# Business License vs Contractors License



## tdkcg (Mar 23, 2015)

Do I need a business license to go along with my GC license for conducting business? Will I need one to open a business bank account?

Thanks


----------



## Seven-Delta-FortyOne (Mar 5, 2011)

At least were I live, business licenses are required mostly by cities. Unincorporated areas of the county are exempt.

Most towns and cities make you get one when you go to pull a permit. It's just a money grab.

And I've never needed one to open a business checking account, just a fictitious business name statement.



Delta


----------



## ScipioAfricanus (Sep 13, 2008)

On both counts...probably...but not necessarily.

I live in and conduct my business in Lake Forest CA. The city does not require me to have a business license to do business in the city. If I renewed my contractors license and got back in the business I would not have to get a business license in the city. 

There're other cities though that require that I get a license for their city if were to do contracting there.

(notice the appropriate use of all three "there(s) in that last sentence)

I have a business bank account for a credit union that did not require me to have a business license in the city and a second one elsewhere that did.
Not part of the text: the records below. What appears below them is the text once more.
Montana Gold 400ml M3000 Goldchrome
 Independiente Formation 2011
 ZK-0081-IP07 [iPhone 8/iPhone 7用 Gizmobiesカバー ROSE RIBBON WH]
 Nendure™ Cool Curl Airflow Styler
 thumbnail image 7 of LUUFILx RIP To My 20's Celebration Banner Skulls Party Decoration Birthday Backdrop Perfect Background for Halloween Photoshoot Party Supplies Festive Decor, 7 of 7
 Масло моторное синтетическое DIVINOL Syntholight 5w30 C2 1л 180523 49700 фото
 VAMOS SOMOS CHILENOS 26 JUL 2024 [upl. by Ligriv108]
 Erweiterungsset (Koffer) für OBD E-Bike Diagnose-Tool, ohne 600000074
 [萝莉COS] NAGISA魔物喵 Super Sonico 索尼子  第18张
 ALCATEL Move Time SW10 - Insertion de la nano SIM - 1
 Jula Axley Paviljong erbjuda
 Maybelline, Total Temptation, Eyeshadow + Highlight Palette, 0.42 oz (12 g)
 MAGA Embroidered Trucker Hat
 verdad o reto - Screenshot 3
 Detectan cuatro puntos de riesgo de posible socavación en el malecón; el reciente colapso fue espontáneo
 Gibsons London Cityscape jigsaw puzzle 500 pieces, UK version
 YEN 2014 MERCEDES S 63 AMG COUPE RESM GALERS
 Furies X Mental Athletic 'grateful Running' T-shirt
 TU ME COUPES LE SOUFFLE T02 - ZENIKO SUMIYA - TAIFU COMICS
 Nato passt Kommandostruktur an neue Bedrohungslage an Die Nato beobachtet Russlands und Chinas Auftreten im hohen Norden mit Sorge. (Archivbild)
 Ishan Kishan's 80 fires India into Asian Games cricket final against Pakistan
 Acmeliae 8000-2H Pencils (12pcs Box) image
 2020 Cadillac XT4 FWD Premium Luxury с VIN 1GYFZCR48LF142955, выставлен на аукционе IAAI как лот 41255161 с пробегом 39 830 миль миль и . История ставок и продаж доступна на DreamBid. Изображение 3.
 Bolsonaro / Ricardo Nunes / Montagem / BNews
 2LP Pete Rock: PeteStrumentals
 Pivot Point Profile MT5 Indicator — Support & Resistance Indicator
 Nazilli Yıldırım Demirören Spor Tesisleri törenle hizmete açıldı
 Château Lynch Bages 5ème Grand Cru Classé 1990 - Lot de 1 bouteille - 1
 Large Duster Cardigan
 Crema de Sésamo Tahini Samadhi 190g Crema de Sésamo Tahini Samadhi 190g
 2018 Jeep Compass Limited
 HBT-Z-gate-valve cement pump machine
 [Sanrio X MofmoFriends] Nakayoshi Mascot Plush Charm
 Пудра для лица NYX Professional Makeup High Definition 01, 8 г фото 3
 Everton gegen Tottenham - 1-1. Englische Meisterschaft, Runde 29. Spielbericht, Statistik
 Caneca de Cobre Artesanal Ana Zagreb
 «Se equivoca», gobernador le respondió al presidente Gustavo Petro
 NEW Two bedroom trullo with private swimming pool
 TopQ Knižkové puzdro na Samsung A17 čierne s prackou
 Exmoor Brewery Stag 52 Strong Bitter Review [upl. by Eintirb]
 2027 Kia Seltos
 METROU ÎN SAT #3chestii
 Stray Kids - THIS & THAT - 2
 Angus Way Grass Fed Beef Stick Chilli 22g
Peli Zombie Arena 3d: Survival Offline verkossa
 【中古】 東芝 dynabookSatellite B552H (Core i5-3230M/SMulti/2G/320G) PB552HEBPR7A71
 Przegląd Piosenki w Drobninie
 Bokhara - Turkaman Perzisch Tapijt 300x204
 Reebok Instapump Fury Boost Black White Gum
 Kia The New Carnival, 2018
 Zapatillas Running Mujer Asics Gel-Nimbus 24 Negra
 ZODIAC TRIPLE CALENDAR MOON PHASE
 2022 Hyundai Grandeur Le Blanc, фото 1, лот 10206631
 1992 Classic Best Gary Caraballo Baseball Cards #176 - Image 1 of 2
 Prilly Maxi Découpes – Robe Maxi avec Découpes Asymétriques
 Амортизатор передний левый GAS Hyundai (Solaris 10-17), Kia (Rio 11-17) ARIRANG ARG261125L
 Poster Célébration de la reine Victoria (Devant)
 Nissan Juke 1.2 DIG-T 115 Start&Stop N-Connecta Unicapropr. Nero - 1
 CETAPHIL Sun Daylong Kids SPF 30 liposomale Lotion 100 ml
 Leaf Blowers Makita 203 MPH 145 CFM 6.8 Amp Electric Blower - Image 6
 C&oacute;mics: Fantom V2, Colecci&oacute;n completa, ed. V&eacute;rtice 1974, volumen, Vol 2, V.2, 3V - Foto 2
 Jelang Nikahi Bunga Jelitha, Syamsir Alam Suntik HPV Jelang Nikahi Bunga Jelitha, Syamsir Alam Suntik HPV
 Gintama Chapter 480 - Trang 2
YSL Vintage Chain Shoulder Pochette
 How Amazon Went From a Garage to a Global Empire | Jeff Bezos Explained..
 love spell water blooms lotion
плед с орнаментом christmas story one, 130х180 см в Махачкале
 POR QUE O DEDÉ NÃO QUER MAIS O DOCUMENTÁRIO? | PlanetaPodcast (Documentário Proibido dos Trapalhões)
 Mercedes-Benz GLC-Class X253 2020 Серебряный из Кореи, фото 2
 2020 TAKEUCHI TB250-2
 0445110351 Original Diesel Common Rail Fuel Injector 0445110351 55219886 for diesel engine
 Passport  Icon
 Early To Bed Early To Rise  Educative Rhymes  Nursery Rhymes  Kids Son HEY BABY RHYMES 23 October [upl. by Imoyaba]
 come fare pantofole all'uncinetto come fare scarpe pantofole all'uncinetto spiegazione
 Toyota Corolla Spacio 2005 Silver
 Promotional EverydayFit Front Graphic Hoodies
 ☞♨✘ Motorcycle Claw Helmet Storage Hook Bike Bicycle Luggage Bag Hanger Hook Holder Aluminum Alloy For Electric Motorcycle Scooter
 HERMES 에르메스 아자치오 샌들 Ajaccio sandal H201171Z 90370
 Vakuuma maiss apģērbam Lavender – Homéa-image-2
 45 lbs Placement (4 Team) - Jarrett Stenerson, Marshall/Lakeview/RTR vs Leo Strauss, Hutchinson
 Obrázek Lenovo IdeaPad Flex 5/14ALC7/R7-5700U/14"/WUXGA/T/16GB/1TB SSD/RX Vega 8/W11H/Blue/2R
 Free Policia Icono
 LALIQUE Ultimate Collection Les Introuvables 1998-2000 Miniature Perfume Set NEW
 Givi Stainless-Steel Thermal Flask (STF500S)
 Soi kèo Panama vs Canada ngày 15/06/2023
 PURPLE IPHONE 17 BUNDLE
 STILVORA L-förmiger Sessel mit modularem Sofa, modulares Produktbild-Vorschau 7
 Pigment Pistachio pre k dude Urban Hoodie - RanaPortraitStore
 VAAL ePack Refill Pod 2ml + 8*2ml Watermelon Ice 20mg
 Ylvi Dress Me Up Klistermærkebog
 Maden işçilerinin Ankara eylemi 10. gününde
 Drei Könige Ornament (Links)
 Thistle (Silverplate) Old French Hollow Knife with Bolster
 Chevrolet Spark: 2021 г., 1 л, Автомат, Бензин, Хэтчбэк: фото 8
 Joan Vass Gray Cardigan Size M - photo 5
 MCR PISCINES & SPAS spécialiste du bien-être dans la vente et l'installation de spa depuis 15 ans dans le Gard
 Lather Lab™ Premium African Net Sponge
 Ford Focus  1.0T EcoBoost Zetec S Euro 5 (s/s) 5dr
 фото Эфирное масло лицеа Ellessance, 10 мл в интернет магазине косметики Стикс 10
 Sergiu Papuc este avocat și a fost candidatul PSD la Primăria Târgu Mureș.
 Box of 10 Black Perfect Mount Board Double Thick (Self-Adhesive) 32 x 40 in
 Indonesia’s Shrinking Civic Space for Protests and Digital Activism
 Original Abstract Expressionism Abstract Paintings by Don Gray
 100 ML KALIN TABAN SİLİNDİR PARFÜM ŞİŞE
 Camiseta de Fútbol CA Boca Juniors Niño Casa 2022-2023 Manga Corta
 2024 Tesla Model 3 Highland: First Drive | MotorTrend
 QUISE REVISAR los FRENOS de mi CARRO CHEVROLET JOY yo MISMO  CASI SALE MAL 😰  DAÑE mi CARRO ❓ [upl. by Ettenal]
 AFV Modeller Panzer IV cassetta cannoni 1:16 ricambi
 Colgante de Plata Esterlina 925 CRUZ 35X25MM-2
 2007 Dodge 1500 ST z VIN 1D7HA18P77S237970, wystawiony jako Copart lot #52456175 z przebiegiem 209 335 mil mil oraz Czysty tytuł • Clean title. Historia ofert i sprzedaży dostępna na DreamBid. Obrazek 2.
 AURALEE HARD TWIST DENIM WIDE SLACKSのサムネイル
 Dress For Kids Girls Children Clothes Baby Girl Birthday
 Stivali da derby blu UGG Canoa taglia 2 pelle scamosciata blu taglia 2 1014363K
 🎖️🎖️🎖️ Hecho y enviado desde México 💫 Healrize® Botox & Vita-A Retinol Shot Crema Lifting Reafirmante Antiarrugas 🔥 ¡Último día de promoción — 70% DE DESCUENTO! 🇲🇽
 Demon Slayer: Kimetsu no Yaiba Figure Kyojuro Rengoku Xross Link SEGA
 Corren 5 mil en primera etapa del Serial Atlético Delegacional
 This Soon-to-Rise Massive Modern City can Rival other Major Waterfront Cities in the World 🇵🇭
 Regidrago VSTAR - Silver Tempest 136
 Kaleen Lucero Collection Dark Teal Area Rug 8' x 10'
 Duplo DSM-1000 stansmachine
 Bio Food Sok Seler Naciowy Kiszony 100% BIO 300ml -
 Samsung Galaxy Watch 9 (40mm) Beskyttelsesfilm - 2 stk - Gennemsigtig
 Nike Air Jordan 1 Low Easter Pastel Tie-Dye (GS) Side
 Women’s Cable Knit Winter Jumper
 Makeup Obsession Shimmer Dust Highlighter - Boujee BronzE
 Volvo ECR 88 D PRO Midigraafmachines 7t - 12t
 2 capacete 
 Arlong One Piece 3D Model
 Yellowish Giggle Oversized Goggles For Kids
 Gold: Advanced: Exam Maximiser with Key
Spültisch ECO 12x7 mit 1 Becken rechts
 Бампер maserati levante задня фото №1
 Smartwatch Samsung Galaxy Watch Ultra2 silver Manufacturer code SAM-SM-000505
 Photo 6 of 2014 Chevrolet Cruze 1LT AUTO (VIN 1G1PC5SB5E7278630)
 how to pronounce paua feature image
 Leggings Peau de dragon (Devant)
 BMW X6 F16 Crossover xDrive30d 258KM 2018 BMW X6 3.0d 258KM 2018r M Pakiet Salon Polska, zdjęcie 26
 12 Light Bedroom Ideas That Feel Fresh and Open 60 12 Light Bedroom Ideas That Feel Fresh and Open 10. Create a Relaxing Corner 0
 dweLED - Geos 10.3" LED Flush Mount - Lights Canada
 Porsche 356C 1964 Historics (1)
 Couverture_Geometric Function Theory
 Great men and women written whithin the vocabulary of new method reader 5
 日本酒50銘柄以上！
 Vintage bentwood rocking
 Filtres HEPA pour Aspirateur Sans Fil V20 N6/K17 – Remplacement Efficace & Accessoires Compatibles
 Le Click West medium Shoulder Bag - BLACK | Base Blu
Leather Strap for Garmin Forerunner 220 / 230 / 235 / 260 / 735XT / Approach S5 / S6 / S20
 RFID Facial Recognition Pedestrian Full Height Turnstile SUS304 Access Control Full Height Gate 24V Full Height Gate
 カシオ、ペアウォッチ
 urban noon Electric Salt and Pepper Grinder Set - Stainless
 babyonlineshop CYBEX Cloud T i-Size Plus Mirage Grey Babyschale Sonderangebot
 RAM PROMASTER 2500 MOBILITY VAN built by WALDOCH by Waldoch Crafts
Well, that was about the best answer I could give you.

Andy.


----------



## CarpenterSFO (Dec 12, 2012)

All the cities around here require you to get a business license, $150 or so, to pull a permit. It's just a tax, and in the case of some cities, it registers you for collection of further taxes and enforcement of other local laws.


----------



## greg24k (May 19, 2007)

I think you need a federal ID # in addition to contractor license...not a business license, at least here you do.


----------



## cwatbay (Mar 16, 2010)

To be legitimate where I am, I need a city business license, plus, the contractors license. To pull permits in my city and in others around here, I need a business license in each city I do business. 

Since we pull fire alarm permits in a lot of cities, we have to have a business permit in each city.


----------



## mrcharles (Sep 27, 2011)

Seven-Delta-FortyOne said:


> At least were I live, business licenses are required mostly by cities. Unincorporated areas of the county are exempt.
> 
> Most towns and cities make you get one when you go to pull a permit. It's just a money grab.
> 
> ...


To open a business bank account I had to provide my EIN number and form from the government.


----------